LC (location counter): keep track of the location assigned to each instruction by LC. It works during assembling.
The assembler examines each instruction (non-empty line) in sequence and creates a symbol entry (including label name and its address in LC) if a label is met.
Second pass: generating the machine language program
Translate the assembly language instructions into LC-3 machine language instruction.
See P243, the object file
.ORIG, the address will be put in the first line of the object file
Note: the value of PCoffset is computed by the address of label in the symbol table and the address of the current instruction (PC). You translate the value of PCoffset instead of the value of label address itself.

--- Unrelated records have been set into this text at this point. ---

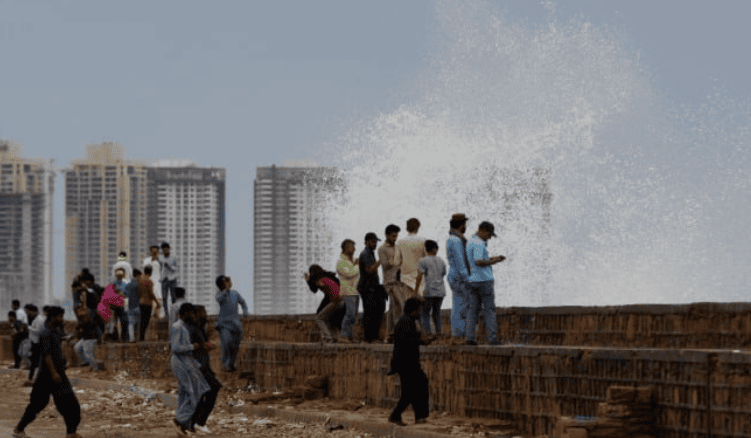 Sindh Weather Update Karachi Heat Intensifies As Sea Breeze Weakens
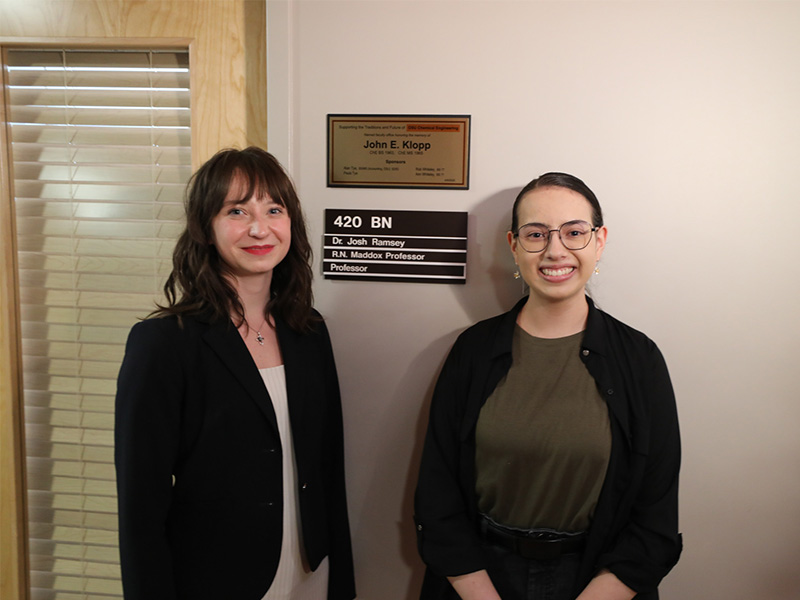 CHE names faculty office to honor John Klopp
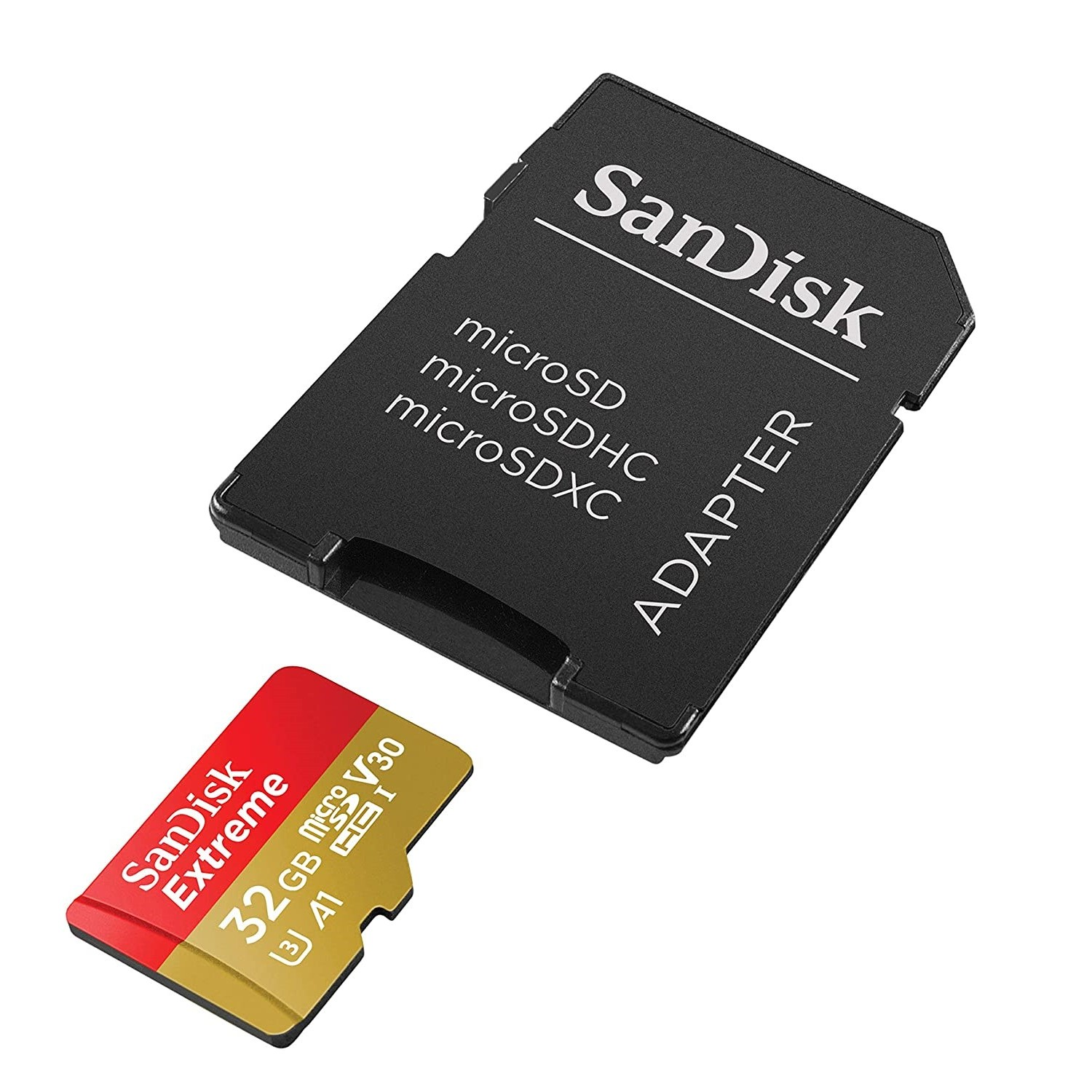 Adaptador de tarjeta SD negro y tarjeta microSD roja/dorada sobre fondo blanco.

Note: object file includes the starting address (.ORIG) and machine codes of instructions.
After Assemble
You will get some list files, symbol table (.sym), and the object file (which will be loaded into simulator)
Linking
- Resolving symbols between independent object files. Then you may use a symbol defined in another module. Linker will search symbol tables of other modules to resolve symbols and complete code generation before loading.
- .EXTERNAL, specifies a symbolic name of an address which is not known yet. It tells the assembler that a symbol is defined in another module.
Loading
Loading: the process of copying an executable image into memory. Loaders would relocate images to fit into available memory.
LC-3 simulator can load multiple object files into memory.
- System routines such as INPUT, are loaded automatically into “System Memory” below x3000.
- User code should be loaded between x3000 and xFDFF.
- Each object file includes a starting address.